Strategic Storytelling Consulting

Most organizations know that authentic stories matter.
Fewer know how to design the conditions that make those stories possible.

We work with youth-serving organizations to develop ethical, effective storytelling practices grounded in behavioral science, positive youth development, and decades of real-world experience. This work supports organizations that want to elevate youth voice — not as performance, but as genuine participation.

Rather than focusing solely on production or one-off campaigns, this consulting work helps institutions build story capacity: the skills, structures, and practices that allow meaningful stories to emerge consistently and responsibly.

Depending on your needs, this work may include:

  • Designing trauma-informed interview frameworks

  • Developing ethical storytelling guidelines and practices

  • Training staff and facilitators on participatory media approaches

  • Advising on story strategy for campaigns, fundraising, or internal culture

  • Helping organizations align narrative, mission, and audience

  • Supporting production teams by shaping the human side of the process

Organizations often struggle with:

  • Wanting authentic youth stories, but not knowing how to ask for them

  • Interviews that feel flat, performative, or overly polished

  • Staff who care deeply, but lack training in trauma-informed or participatory approaches

  • Production partners who understand cameras, but not people

  • Stories that technically “work,” but fail to connect or inspire action

Our consulting addresses those gaps — before the camera ever turns on.

The goal is not just better stories — but better systems for telling them.

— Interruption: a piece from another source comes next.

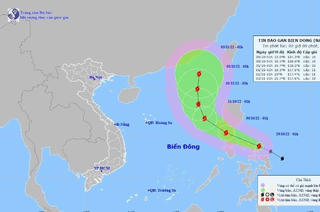 Bão Nalgae giật cấp 12 sắp tiến vào biển Đông
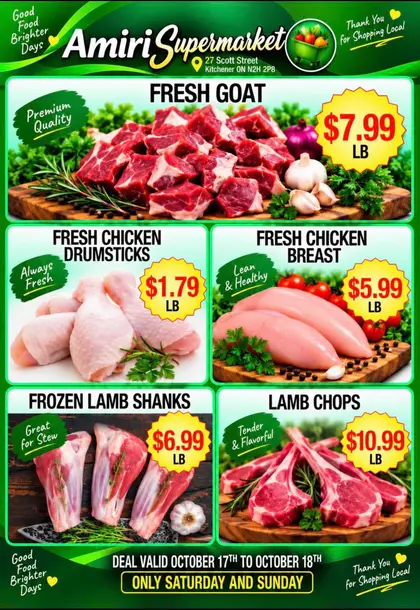Amiri Supermarket Amiri Supermarket Flyer October 16 to 22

This work is particularly well suited to:

  • Youth-serving nonprofits

  • Mentorship and scholarship programs

  • Education and leadership development organizations

  • Foundations and funders supporting youth voice

  • Teams seeking thoughtful, systems-aware approaches to storytelling

This is often the first way organizations engage our
work
, and can stand alone or serve as a foundation for deeper creative collaboration.

At the core of this work is a simple belief:

Meaningful stories don’t come from extraction — they come from relationship, care, and design.

Our role is to help organizations slow down, listen more carefully, and build storytelling practices that honor the people they serve while still meeting institutional goals.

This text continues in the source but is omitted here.